I feel it my civic duty to tell you what the main stream media and our newly elective leadership will not.
Folks, we had the retail sales report come out for January and it showed an INCREASE of one percent. In case you missed it…that was INcrease. With an IN.
That is most decidedly really good news and the media is choosing to ignore it while the government does its best to increase spending by one half of a billion dollars because they view the problem as job creation alone.
The lesson in the retail sales number is manna from heaven to me. I have consistently over my 25 year career in this industry preached that markets, left alone, are self correcting; and, that when the government gets involved, beaurocratic inertia eventually will gum up the works.
Here is further proof. How, do you think, in the midst of all of this horrible news including the loss of 3.6 million jobs, the publicized plight of Elkhart Indiana, a 789 billion dollar new stimulus package, that the retail sales number went UP? Shouldn’t Americans be withering in front of their flat screen televisions blowing raspberries at various and sundry American Idol contestants instead of spending money that they do not have? Logically, wouldn’t you think that?
Well, of course you would. Yet, the retail sales number went up. Why?
Because the prices are cheap. Welcome to capitalism 101. The sad reality in all of this is what transpired yesterday in Washington D.C. as Maxine Walters, Barney Frank, et al. took turns convincing America that the villains in all of this were 8 bank CEO’s. They took great delight in skewering them each in turn. I must tell you that it sickened me. It wasn’t just the politicians that sicken me. The CEO’s did nothing to turn up my admiration. They either apologized or promised to do better while working for no bonus.
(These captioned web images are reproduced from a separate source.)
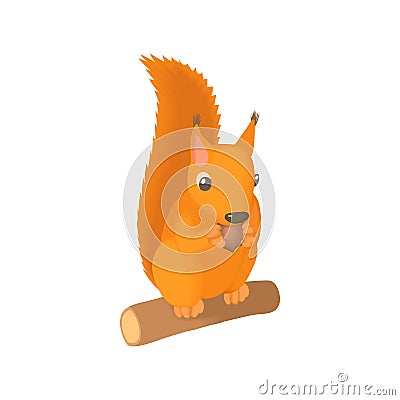 Squirrel gnaws a nut icon, cartoon style Vector Illustration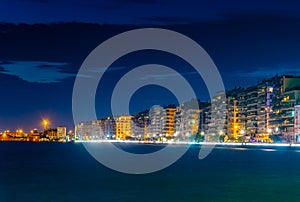 Night view of seaside promenade in Thessaloniki, Greece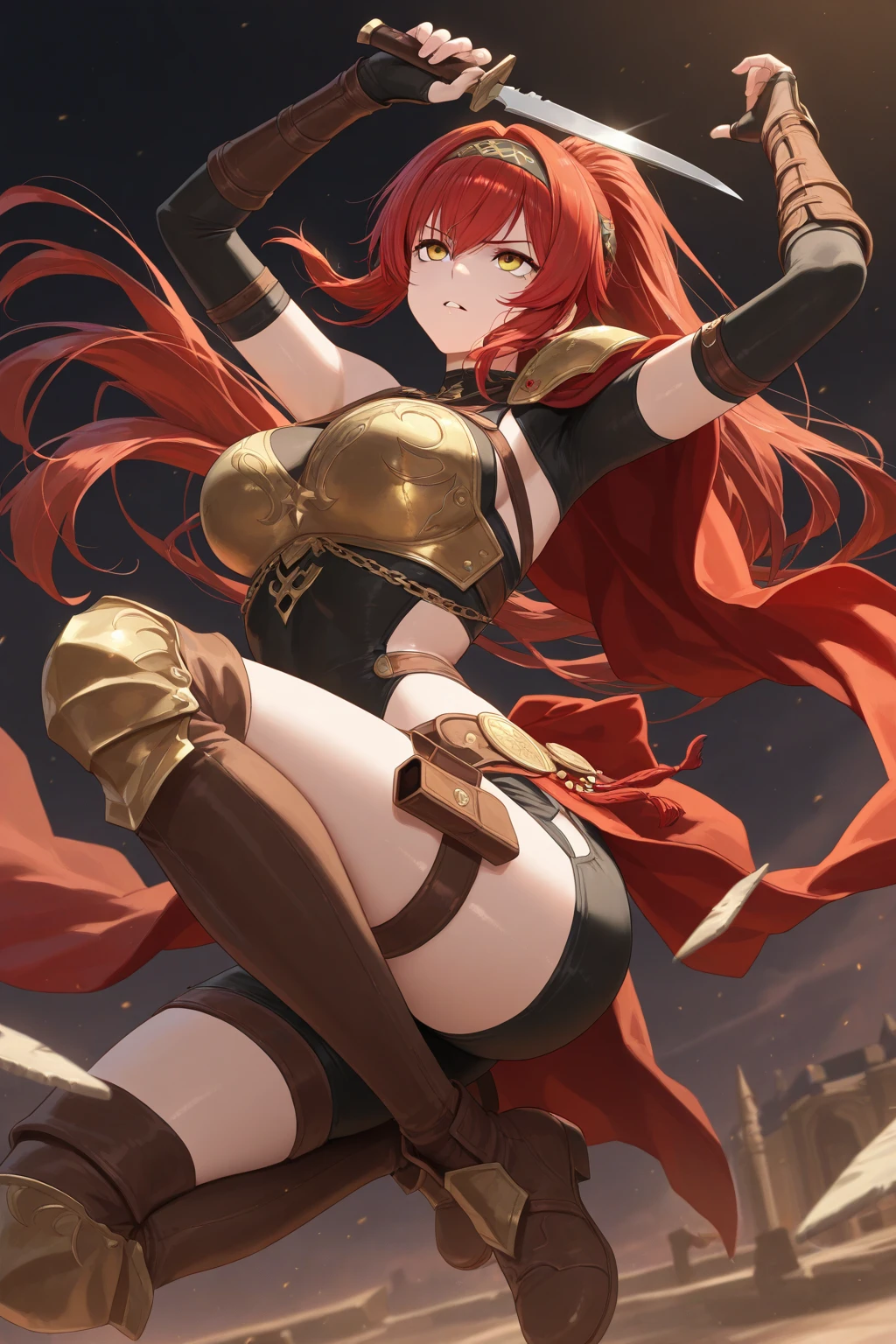 (Appealing JRPG female:1.2), (main protagonist), (wielding largely-long sword:1.2), (perfect sword:1.2), (functionally lewd clothing:1.3), (pleasure outfit:1.1), (unreasonably big breasts:1.2), (small hips), (small waist and thighs:1.2), (detailed face and eyes:1.2), (bimbo), (deep cleavage:1.1), (labia:1.2), (breasts outline:1.2).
Let’s be clear; bankers hold no fascination for me in that I don’t think it takes much gray matter to borrow a “valued customer’s” money at 1% and loan it back to that same “valued customer” at 5%, assuming that said “valued customer’s” credit rating is pristine and can afford a “fee” for the priviledge of having his own money loaned back to him. Nor is it difficult to imagine how easy it would be to abuse that system.
No, what sickened me was the idea that the problems of the American economy somehow could be traced to the frivolous use of a private jet or a corporate Las Vegas retreat. Neither one of those things caused the problem. I would point out that during the nineties when everything economically was hunkey-dorey, everyone seemed to have private planes and junkets.
What will turn this market around is the marketplace itself. When all of you deem it in your best interest to purchase a car, you will. And, you will find the financing. The same is true of a house. The good news is that I think we are close to reaching this juncture and the retail sales number (in a baby steps sort of way) supports my theory.
Here’s the real question. And I direct it to every CEO in the country.
What do we do when we do recover and the government refuses to take it’s hands out of your pockets and camera’s out of your boardrooms? How are you going to deal with those constraints and make a return for shareholders commensurate with the risk?
This is folly, tomfoolery…ballyhoo. And, it appears to be of the highest order. The only way that you can make money in the market, as a result, is to trade it, and I would suggest that those strategies, far from lowering risk, enhance it.